# Problems posting gifs



## Dannyalcatraz (Aug 11, 2018)

Not the hippos in Spelljammer, but the short, animated pictures.

For a while now, I’ve been getting “extension is incorrect” or “remote file is too large” errors when attempting to use them.


----------



## Umbran (Aug 11, 2018)

Animated gifs can be very large.  Could that be the issue?


----------



## Dannyalcatraz (Aug 12, 2018)

It could be, but it has been EVERY one I’ve tried, including really short ones, like Dr. Ian Malcom going “Life...finds a way” and a Tony Stark facepalm.


----------



## Umbran (Aug 12, 2018)

Try a non-animated one?


----------



## Dannyalcatraz (Aug 13, 2018)

AFAIK, all gif are animated.  If not, how would I tell?  (When I select them, they are often not showing their animation.)


----------



## Nagol (Aug 13, 2018)

Dannyalcatraz said:


> AFAIK, all gif are animated.  If not, how would I tell?  (When I select them, they are often not showing their animation.)




Not all gifs are animated.  Most are just static pictures.  The animation is an optional block of data that is placed after the base image.

There used to be a service that would check if a gif is animated: the creatively named doesthisgifcontainananimation.com, however the link appears dead.  The other ways I know to check all require coding.  It is likely some image processing software will tell you.


----------



## trappedslider (Aug 13, 2018)

Dannyalcatraz said:


> Not the hippos in Spelljammer, but the short, animated pictures.
> 
> For a while now, I’ve been getting “extension is incorrect” or “remote file is too large” errors when attempting to use them.




if the link starts with httpS try removing the S or adding it if it's not there.


----------



## Dannyalcatraz (Aug 14, 2018)

Testing:  https://media.giphy.com/media/RQzxAaAg3aAU/giphy.gif

This gif of Dr. Malcom “life finds a way” generated an error message “remote file too large”

https://media1.tenor.com/images/8f0119acbcfafe988bdd11b02ac53eec/tenor.gif?itemid=11538289

This one of a Tony Stark facepalm enerated a huge error message.

Removing the S had no effect beyond changing the error messages.
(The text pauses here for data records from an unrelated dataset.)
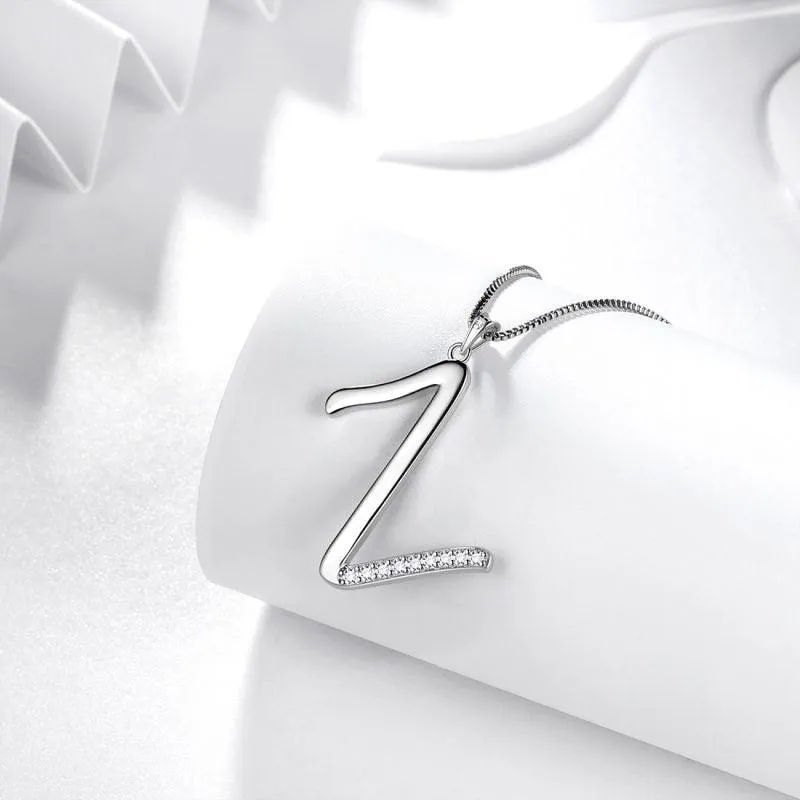 Letter Initial Z Necklaces Pendant Women Girls Name Jewelry Gift 925 Sterling Silver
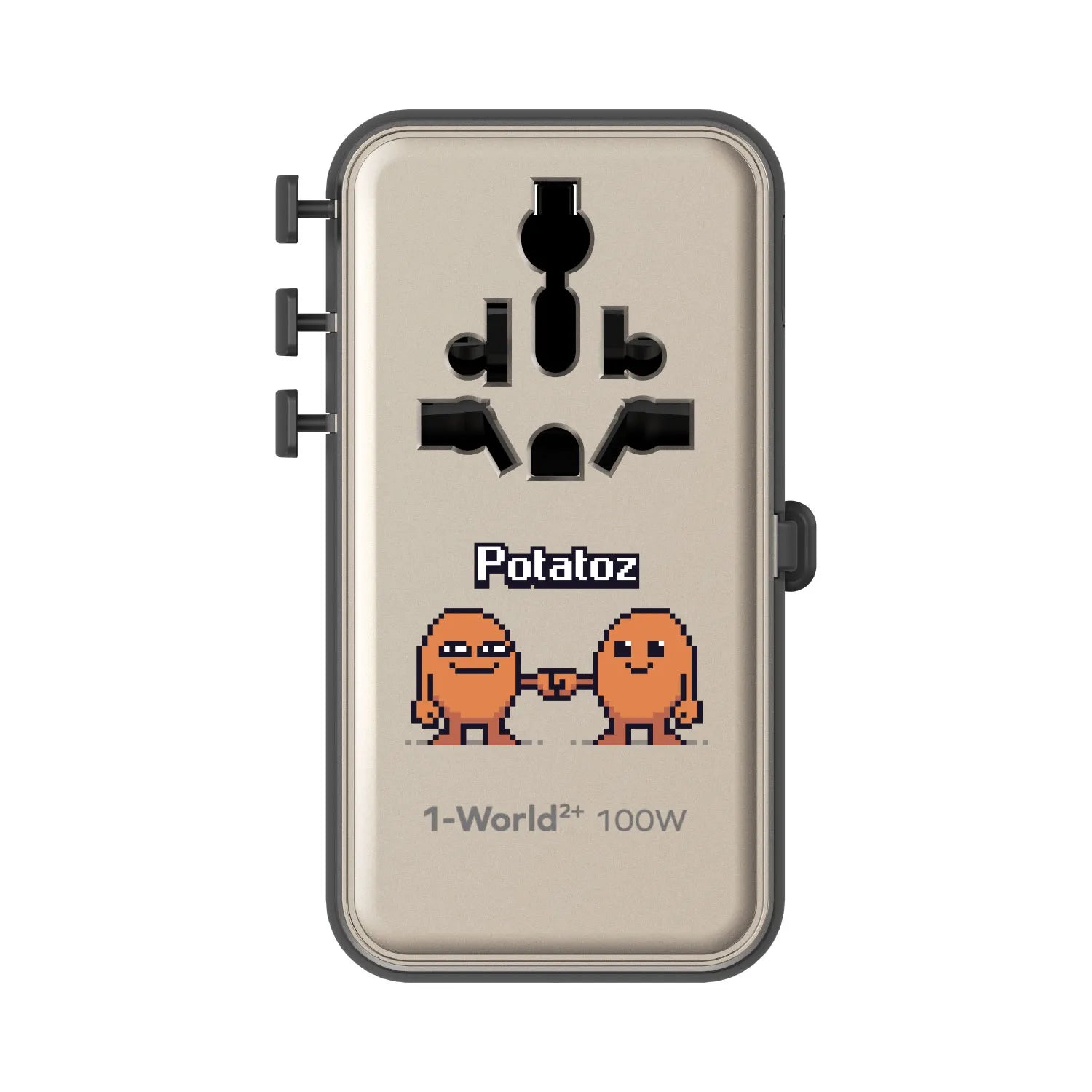 1-World²⁺ 4-Port Mini Universal Travel GaN Charger with Built-In Retractable Cable 100W with Dual AC - Limited Edition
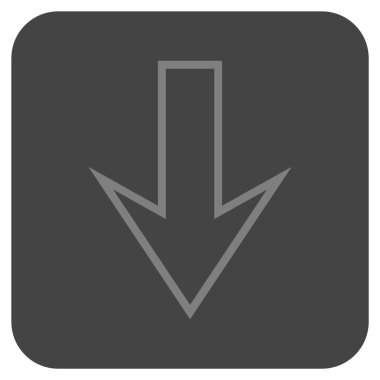 Düz aşağı ok vektör simgesi kare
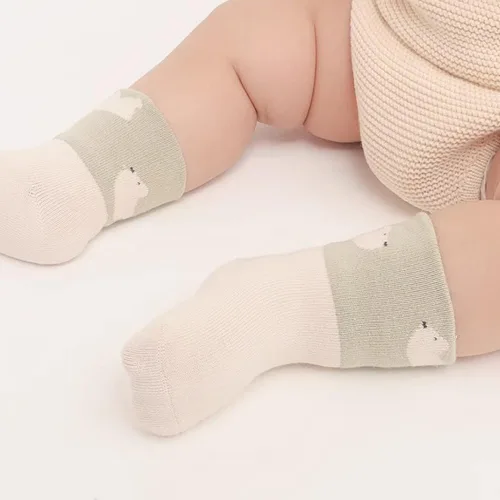 Miniatura 5 de Calcetines de tobillo antideslizantes para bebé, 5 pares de calcetines transpirables para niños pequeños, elásticos, antideslizantes, para 1-3 años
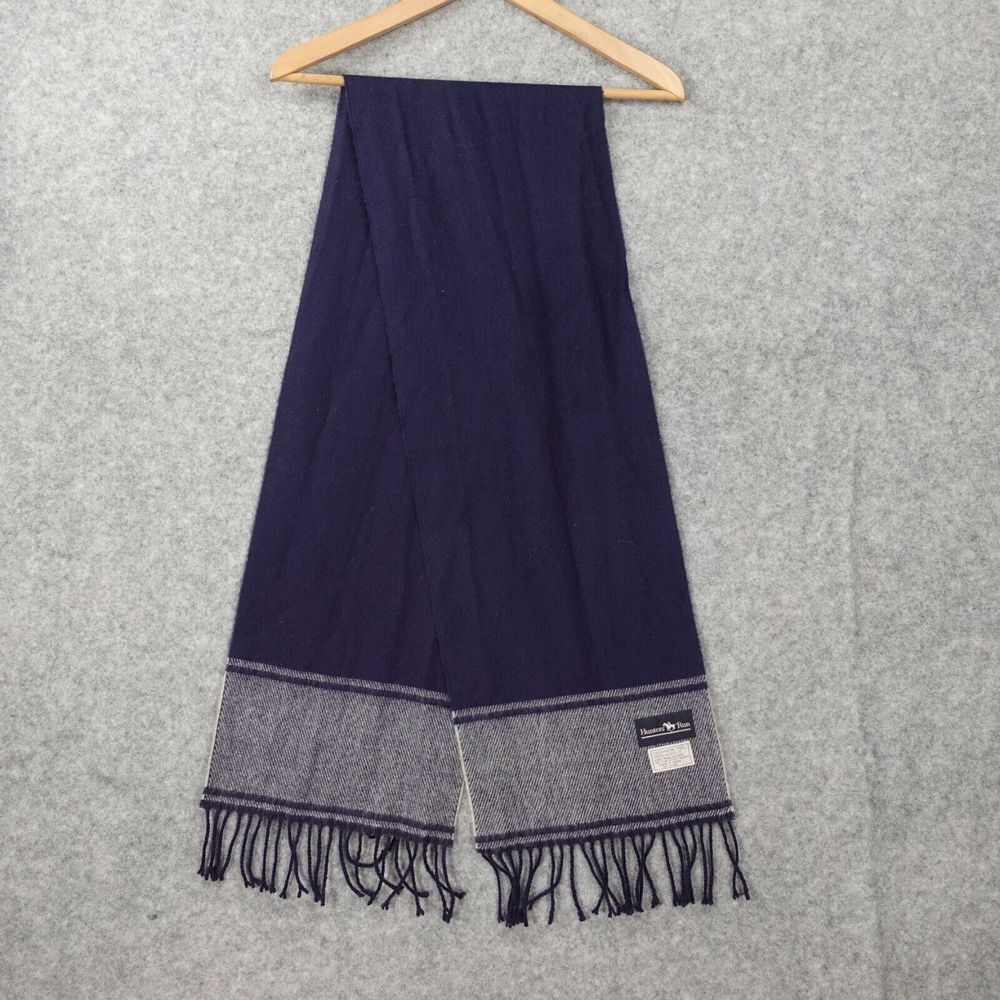 Preppy Twill Woven Scarf Dark Blue Faux Cashmere Muffler HUNTERS RUN JAPAN 62x10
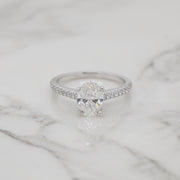 1.21ct Oval Diamond Band Engagement Ring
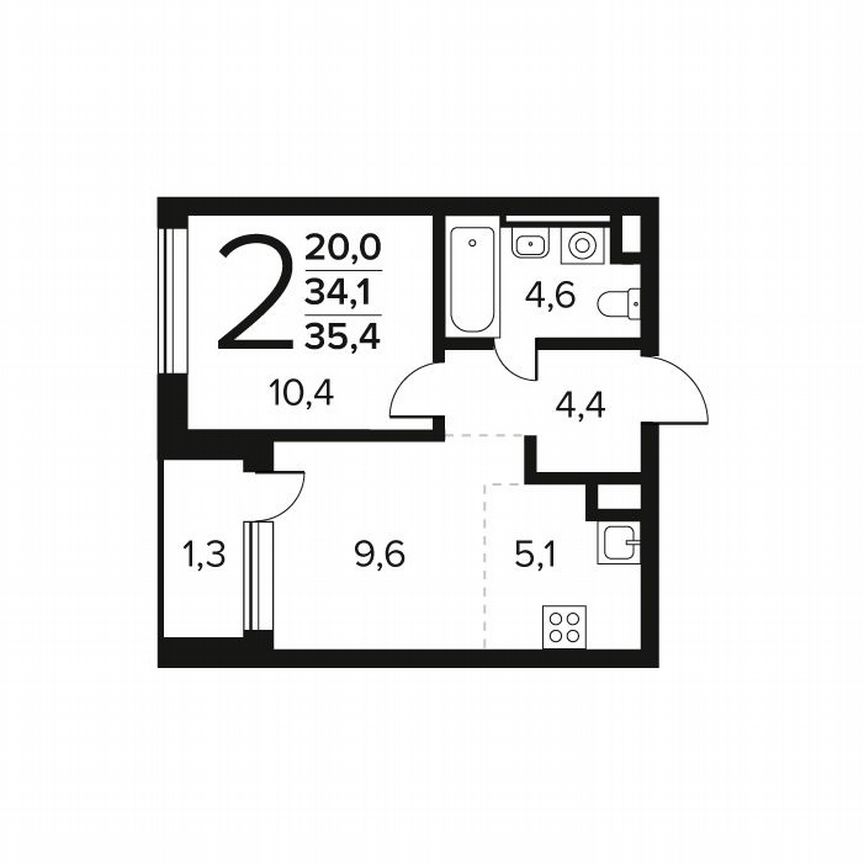 2-к. квартира, 35,4 м², 1/12 эт.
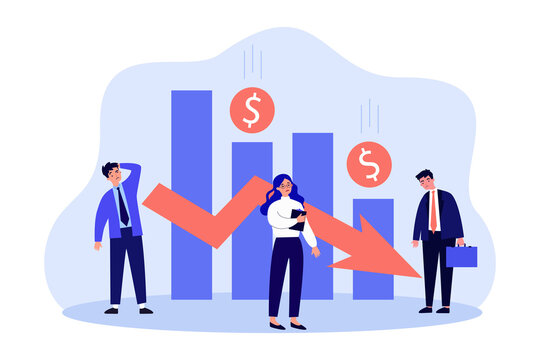 Business people with falling chart of stock market. Frustration of tiny people from losing money flat vector illustration. Bankruptcy, finance concept for banner, website design or landing web page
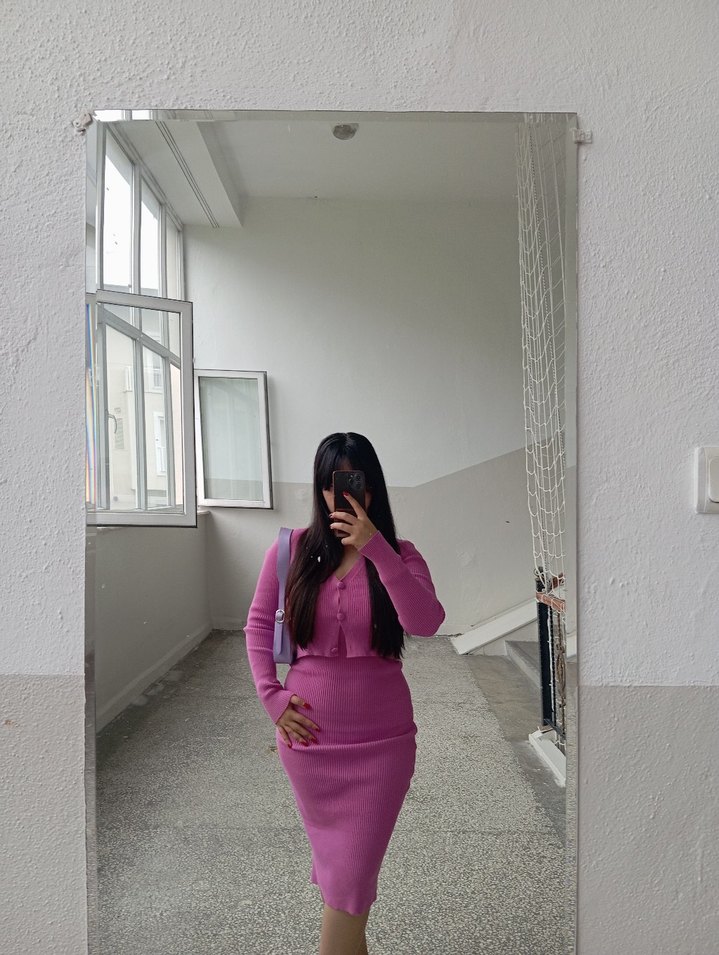 pembe triko elbise - Görsel 2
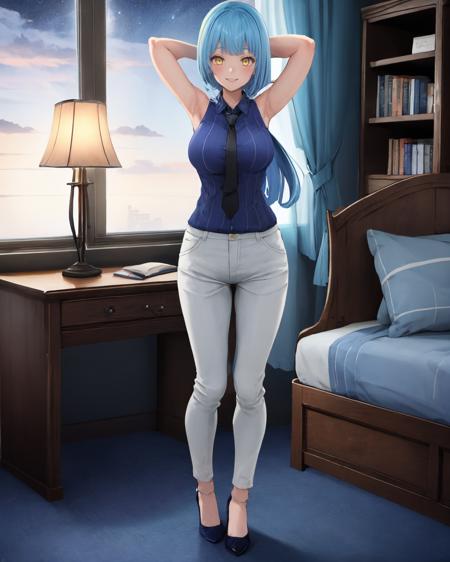 best quality, (masterpiece:1.2), illustration, absurdres,  
(1girl), (solo), (beautiful detailed girl), full body, from below,
<lora:RisetteCasual:0.85> Risette Twinings, yellow eyes, blue hair, long hair, blunt bangs, large breasts, blue shirt, sleeveless shirt, black necktie, white pants, black high heels,
smile, looking at viewer,
inside elegant bedroom, night, window, curtain, starry sky, lamp, bookcase, nightstand, vase, desk,
arms behind head,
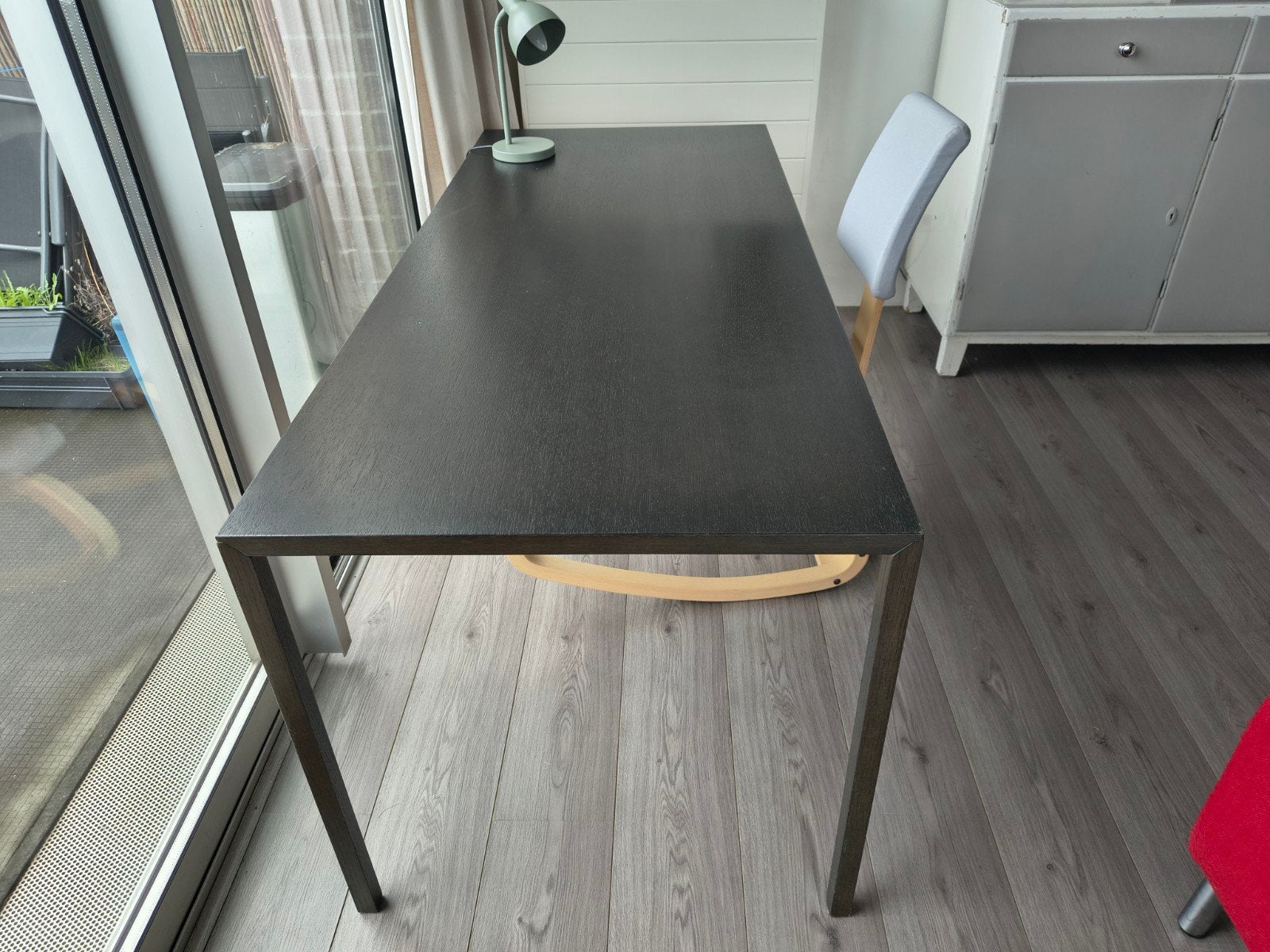 Arco Slim - strak donker eiken bureau/eettafel - Ideaal voor, Ophalen, Zwart, Hout, Zo goed als nieuw
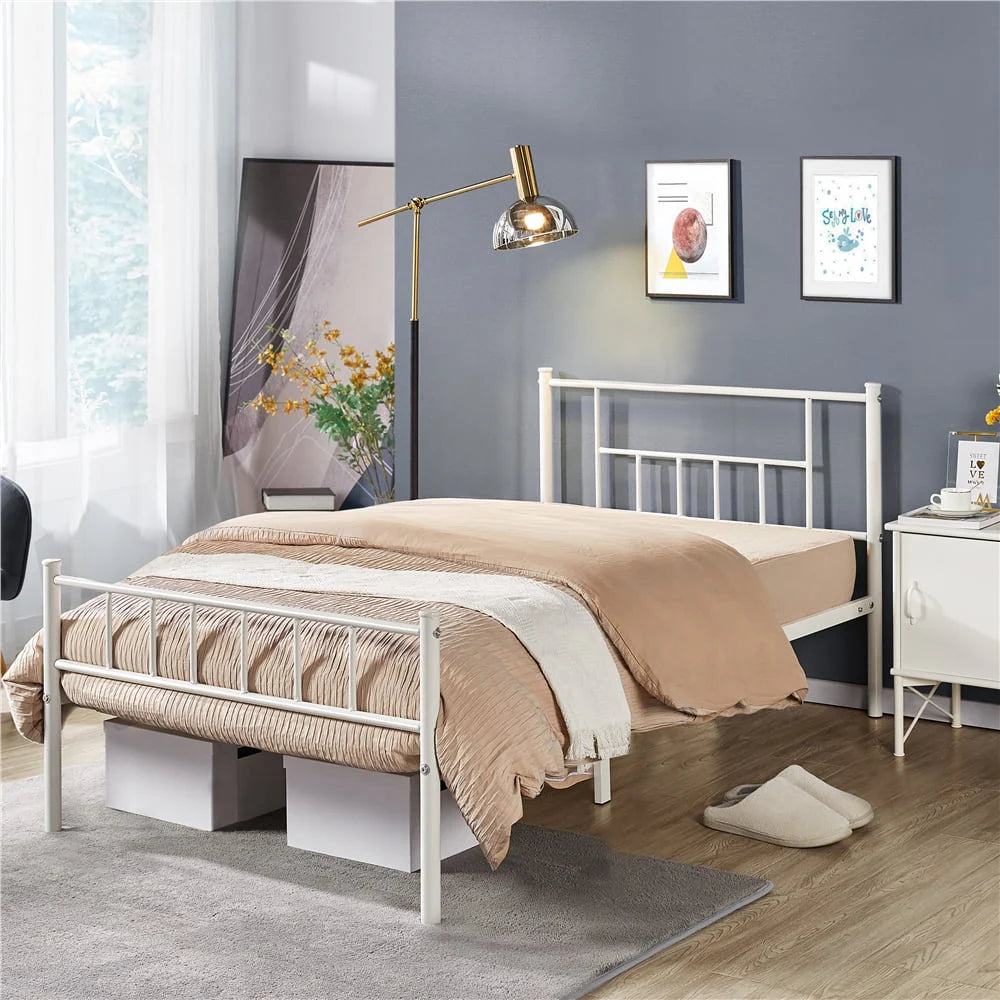 Metal Bed Frame with Headboard & Footboard, Twin Size, Black T895808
Copied this one from someone else’s post on ENWorld: http://gifimage.net/wp-content/uploads/2017/08/you-keep-using-that-word-gif-3.gif

When copied, it had  brackets.  When I tried it using the Image button, I got an error message.  Using the brackets instead of the button:

[IMG]http://gifimage.net/wp-content/uploads/2017/08/you-keep-using-that-word-gif-3.gif


----------



## Dannyalcatraz (Aug 14, 2018)

Testing  brackets on the others:

[IMG]https://media.giphy.com/media/RQzxAaAg3aAU/giphy.gif







1) Apparently, the problem is in the Image button’s function, either uniquely to me or possibly universally, and

2) those 2 gifs pair nicely.


----------



## CapnZapp (Aug 14, 2018)

So, to summarize, what's your issue (if you still have one)?


----------



## Dannyalcatraz (Aug 14, 2018)

CapnZapp said:


> So, to summarize, what's your issue (if you still have one)?




Well, the question remains as to whether the supplied Image button is defective only for me or if others are encountering the issue.

If it’s just malfunctioning for me, I have no real problem using the workaround.  If others are experiencing the same problem, it probably needs fixing.


----------



## Nagol (Aug 14, 2018)

Image button upload:



Image button url without local cache:





Image button url with local cache: Image is too large.

Looks like a few problems:
1) Uploaded gifs are not animate.  Probably a setting in vBulletin for allowing users to animate images.
2) Giphy images are, despite the name, not initially presented as gifs.  If you follow the link directly in a browser you end up on a page with the image.  When you try to save that image , it comes through as a web part that is substantially smaller than the gif equivalent.  When presented inside a post, it can be saved as a gif.  Which is neat.
3) Trying to create a local cache exceeds one of the vBulletin settings wrt fie or image size.  Which is weird because the uploaded files does not.  So perhaps it is something about the giphy wrapper?


----------



## CapnZapp (Aug 14, 2018)

The Goldblum animates perfectly here on the EN World app.


----------



## Nagol (Aug 14, 2018)

CapnZapp said:


> The Goldblum animates perfectly here on the EN World app.




In my browser, the top copy (uploaded) is still, but the bottom copy (url) is animated.  If I open the file locally in the browser, it is animated.


----------



## HubHacken (Aug 16, 2018)

*trappedslider* - good advice! Sometimes this resolves the problem.


----------